J'ajouterai deux arguments en marge de l'article 3 bis.

Il me semble que la voie sur laquelle nous sommes en train de nous engager est inquiétante et manifeste un certain fatalisme. Il ne s'agit pas de faire preuve d'une volonté politique claire en cherchant à conserver la maîtrise de la politique tarifaire alors même, et chacun ici l'a rappelé, que notre industrie électrique, en particulier l'industrie nucléaire, est de qualité et se montre capable de fournir des produits à un tarif inférieur à celui du marché européen, voire mondial. De ce point de vue, nous sommes plus ou moins dégagés du souci de l'indépendance énergétique.

La voie que nous empruntons est cependant inquiétante parce que, en nous plaçant ainsi, pour le gaz, à mi-chemin entre les tarifs réglementés et les prix du marché, nous mettons en cause, dans une certaine mesure, l'existence des prix réglementés. Je sais bien que cette voie a été ouverte par le contrat de service public signé entre l'État et GDF, contrat qui pose clairement la recherche de « la convergence entre les tarifs réglementés et les prix de vente en marché ouvert ». Cela signifie, en clair, que les prix régulés se rapprocheront des prix du marché, ce qui laisse planer l'inévitable inquiétude sur la détermination du prix du marché, en particulier pour le gaz : le prix de la cargaison d'un méthanier varie considérablement selon le port où elle est livrée. C'est donc extrêmement dangereux.

Nous nous mettons donc en situation de voir disparaître la notion même de tarifs réglementés et l'article 3 bis programme d'une certaine façon leur fin. Il me semble dans ces conditions quelque peu hypocrite de réaffirmer clairement l'existence de tarifs réglementés dans le projet de loi, d'autant que, personne ici ne l'ignore, la Commission européenne n'y est guère favorable.

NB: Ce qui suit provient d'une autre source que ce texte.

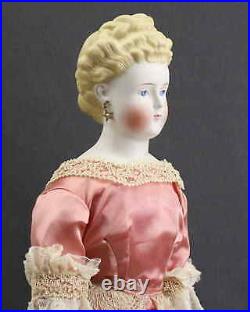 Exquisite Antique Parian Doll In Pink Dress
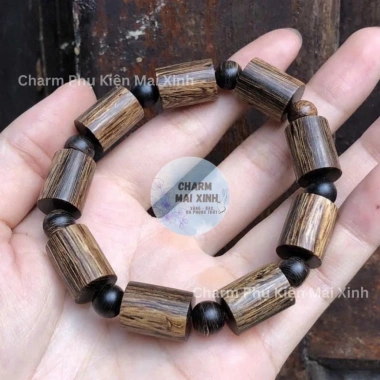 Vòng tay trầm hương sánh chìm hạt trúc - Phong thủy may mắn, gỗ tự nhiên cao cấp, nam nữ, giá 260.000 VND 7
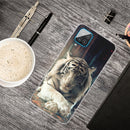 For Samsung Galaxy A12 Shockproof Painted Transparent TPU Protective Case(White Tiger)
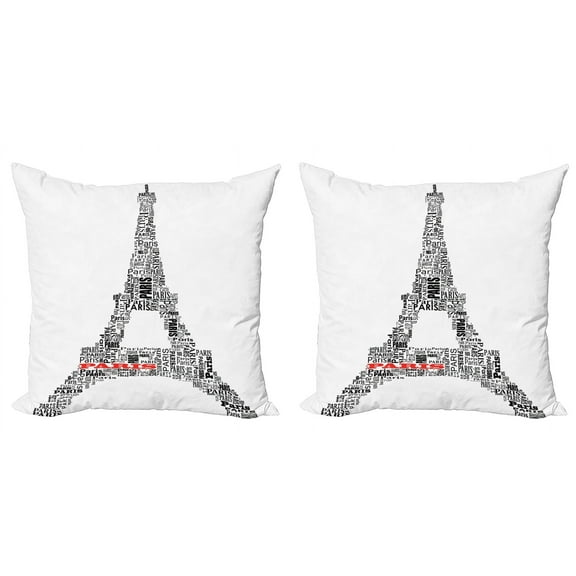 Ambesonne Black White Throw Pillow Cover 2 Pack, Paris France Tour, 20", Black White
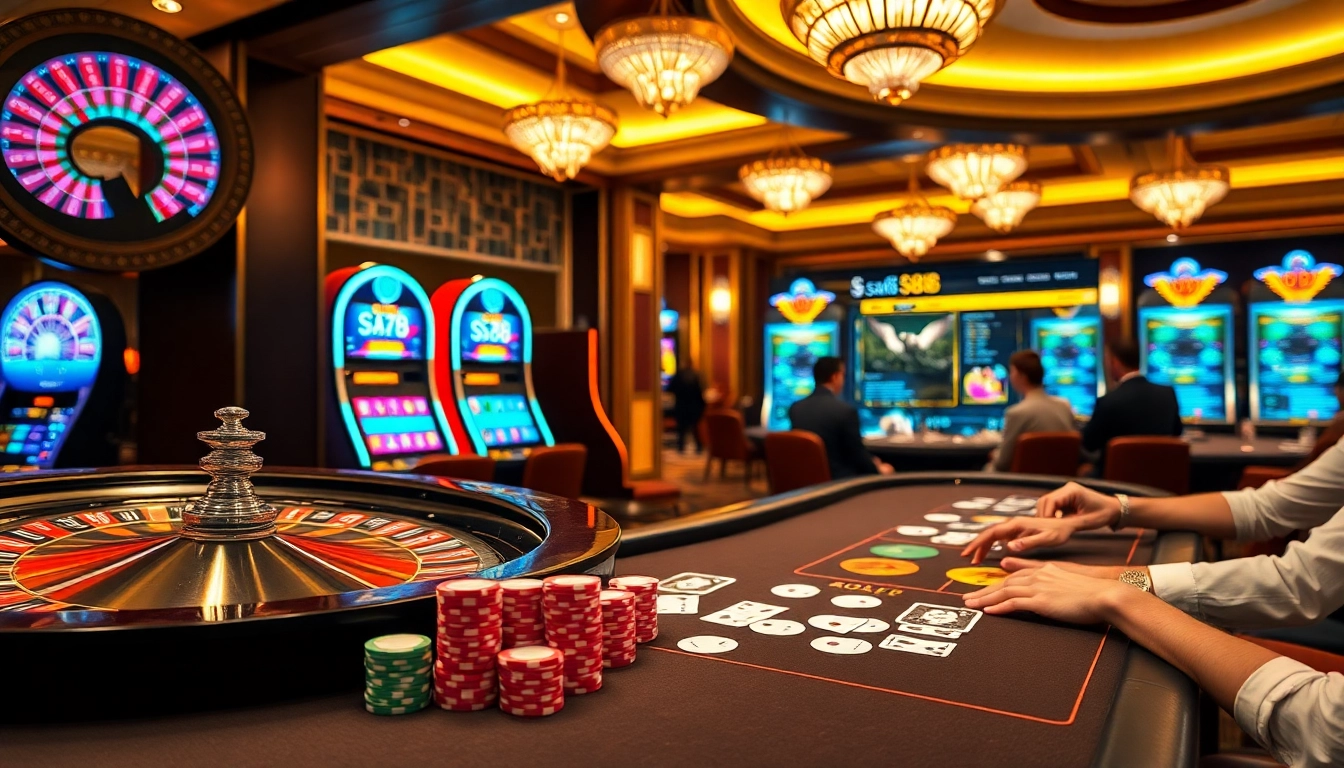 Engage in thrilling games at sa88, featuring vibrant slot machines and an elegant poker table.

Je ne voudrais pas que cet article soit un gage donné à la Commission pour la rassurer sur la fin, à terme, des tarifs réglementés en France. Or le président d'EDF - j'en reviens à l'électricité -, entendu par la commission des affaires économiques, de l'environnement et du territoire de l'Assemblée nationale en décembre 2004, observait que, naturellement, le développement de son entreprise supposait des moyens financiers et qu'il comptait « sur une évolution des tarifs, au rythme de l'inflation, et des prix. Les tarifs et les prix se rapprocheront ainsi, les prix du marché pouvant se stabiliser aux environs de 35 euros par mégawattheure ». Aujourd'hui avec le renouvellement partiel du parc, en particulier grâce à l'EPR, on évoque un prix plutôt légèrement supérieur. Étrangement, et cela montre à quel point il est difficile de se mettre d'accord sur un prix, les Finlandais, par exemple, l'ont fixé à 30 euros... Tout cela est donc très opaque.

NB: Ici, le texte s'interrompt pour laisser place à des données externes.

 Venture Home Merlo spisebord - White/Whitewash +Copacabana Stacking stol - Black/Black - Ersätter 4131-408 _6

Au fond, mes chers collègues - et nous ne vous accompagnerons pas sur cette voie -, en votant cet article, vous signifierez que nous sommes dans une période de flottement entre tarif réglementé et prix de marché, que vous reconnaissez comme tel, et, de ce fait, vous accélérerez implicitement la fin des tarifs réglementés. Cette voie me paraît, encore une fois, extrêmement dangereuse.

En ce qui concerne l'article 3 bis, naturellement, nous en demandons la suppression.